Copy exactly the lines from the one containing "UX UX250h バージョンL" through the last line of the records below, including both, and leave out any pictures.

Brief descriptive captions:
######
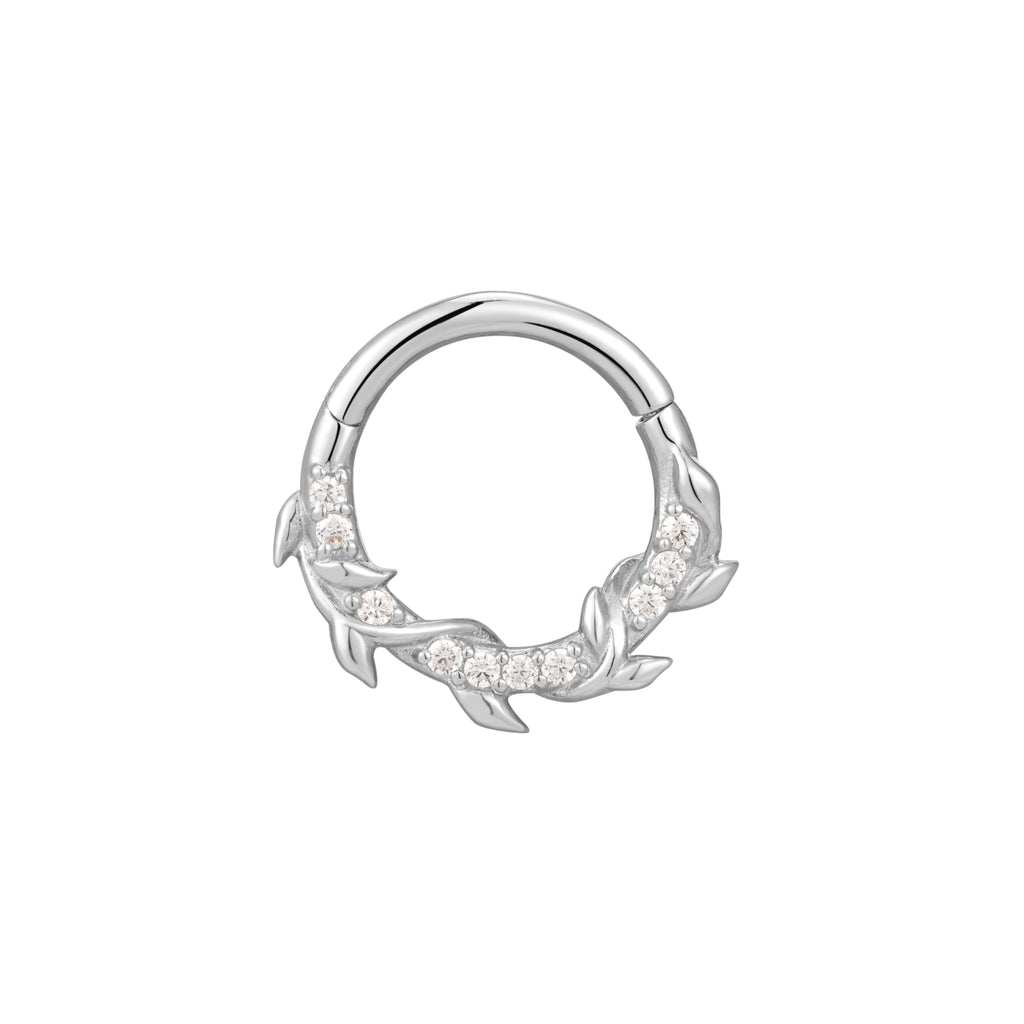 Wild Hearts - CZ - Clicker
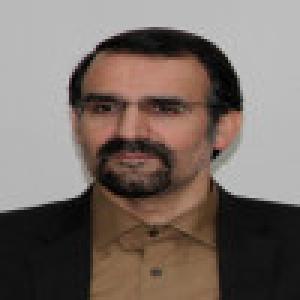 مهدی سنایی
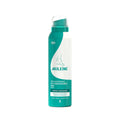 Akileine Shoe Spray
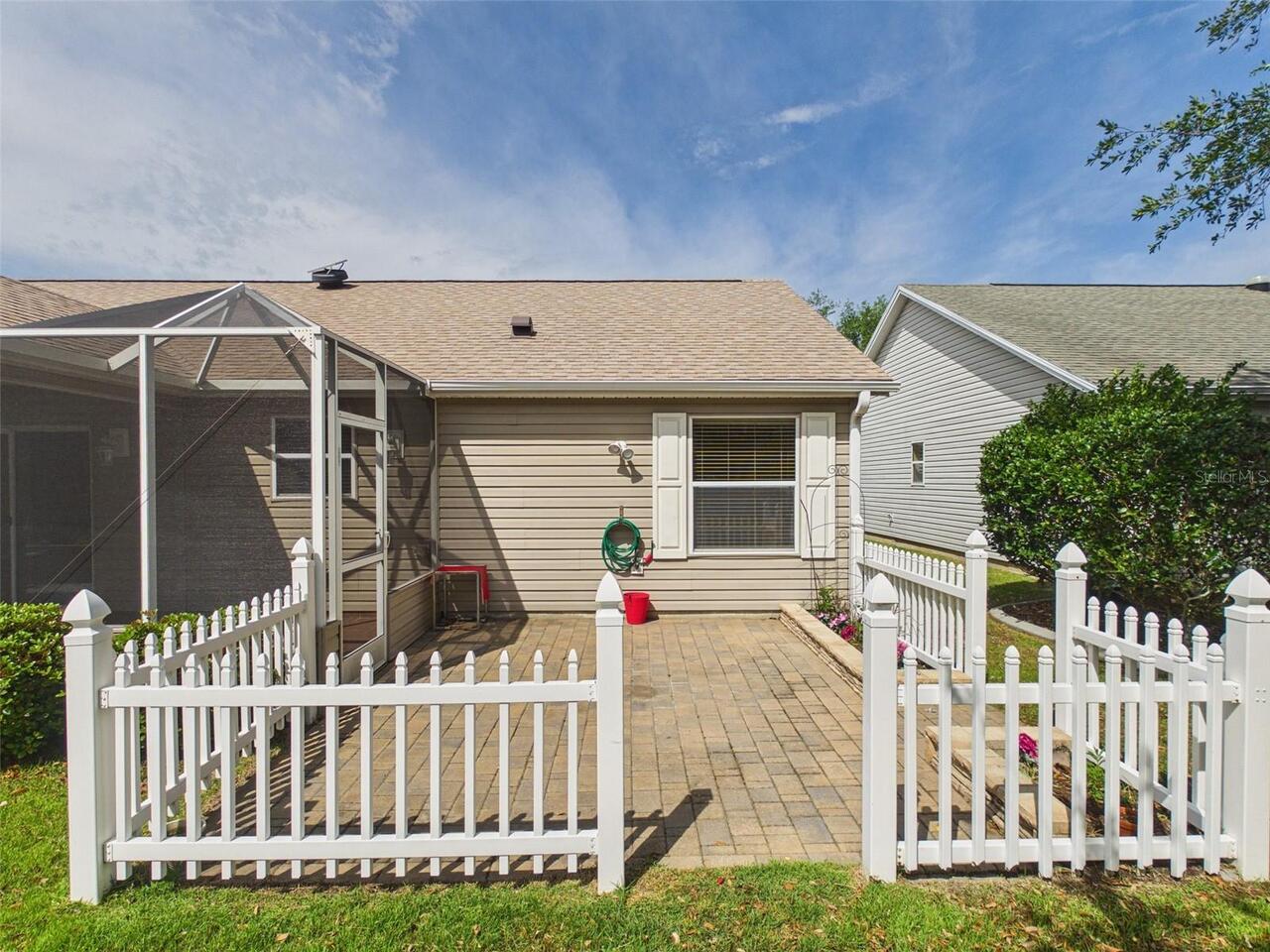 Listing Photo 7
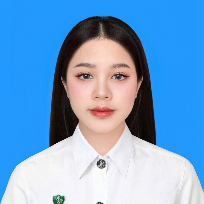 พรณัฏฐา สิงหภาณุพงศ์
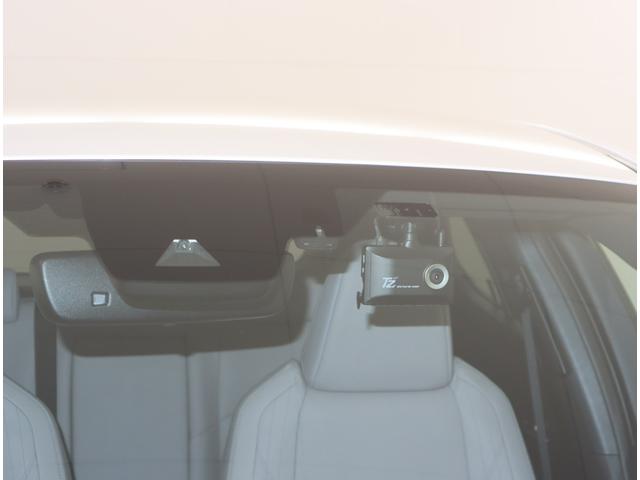 UX UX250h バージョンL 認定中古車 パーキングサポートブレーキ ブラインドスポットモニター プリクラッシュセーフティシステム レーントレーシングアシスト レーダークルーズコントロール オートマチックハイビーム(27枚目)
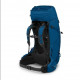 Osprey Aether 65L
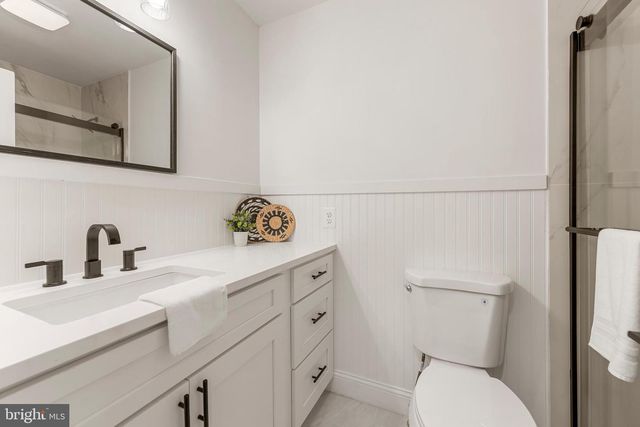 1329 BRENT ST, Fredericksburg, VA 22401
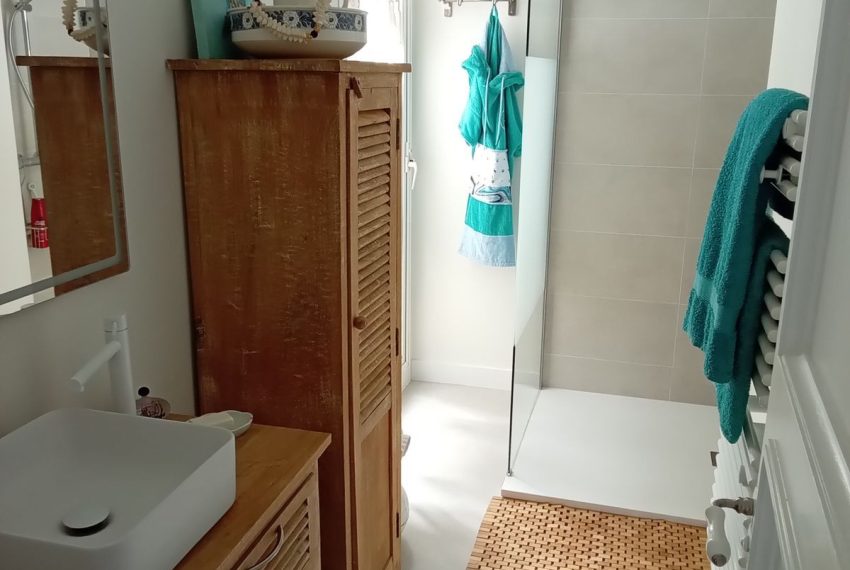 R5191492-Apartment-For-Sale-Calahonda-Penthouse-3-Beds-130-Built-7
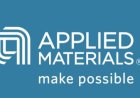 Software Engineer Intern - Applied Materials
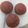 Cooksnap από ΚΑΤΕΡΙΝΑ στη συνταγή Εύκολα Muffins με κομματάκια σοκολάτας!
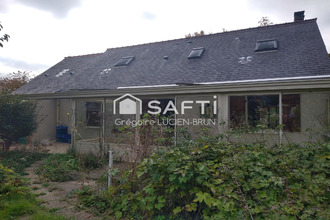 achat maison st-avertin 37550
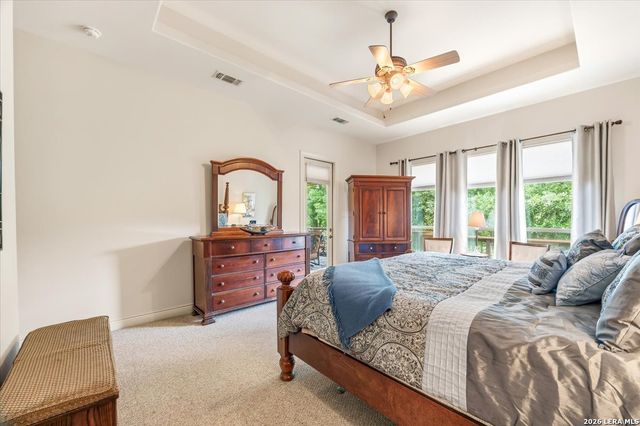 1826 Slumber Pass, San Antonio, TX 78260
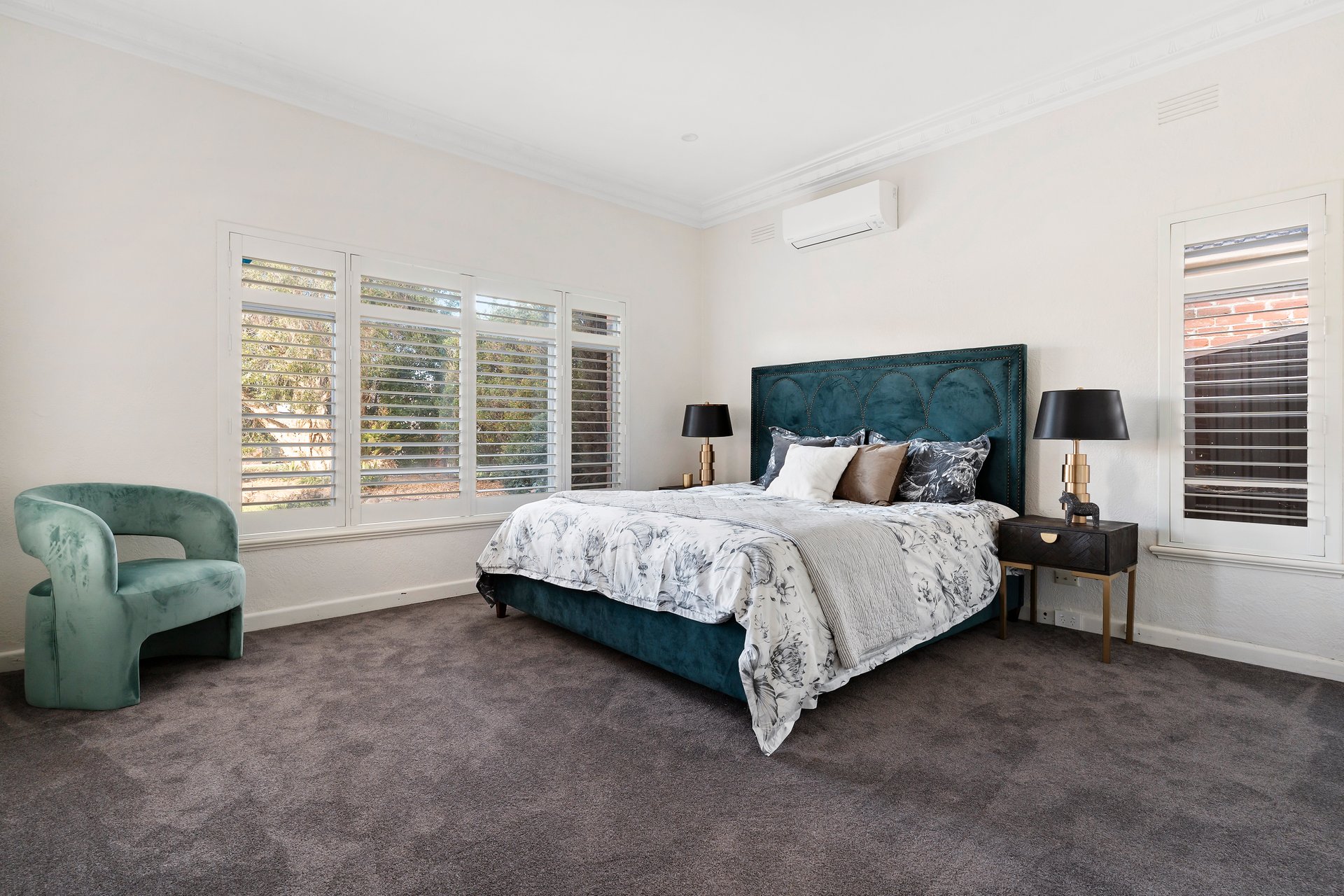 277 Napier Street, Strathmore image 9
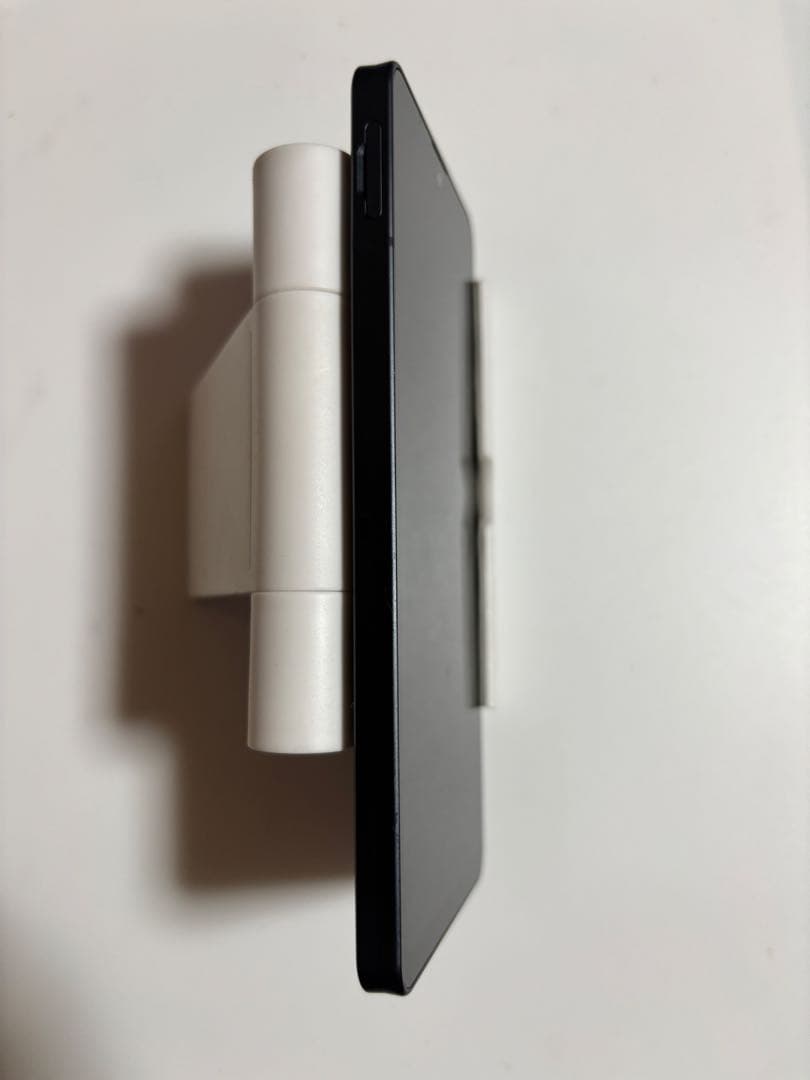 5G SH-RM19s AQUOS sence6s SHARP 楽天SIMフリー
######
*RESPONSE TO THIS EXERCISE*.
 UX UX250h バージョンL 認定中古車 パーキングサポートブレーキ ブラインドスポットモニター プリクラッシュセーフティシステム レーントレーシングアシスト レーダークルーズコントロール オートマチックハイビーム(27枚目)
 Osprey Aether 65L
 1329 BRENT ST, Fredericksburg, VA 22401
 R5191492-Apartment-For-Sale-Calahonda-Penthouse-3-Beds-130-Built-7
 Software Engineer Intern - Applied Materials
 Cooksnap από ΚΑΤΕΡΙΝΑ στη συνταγή Εύκολα Muffins με κομματάκια σοκολάτας!
 achat maison st-avertin 37550
 1826 Slumber Pass, San Antonio, TX 78260
 277 Napier Street, Strathmore image 9
 5G SH-RM19s AQUOS sence6s SHARP 楽天SIMフリー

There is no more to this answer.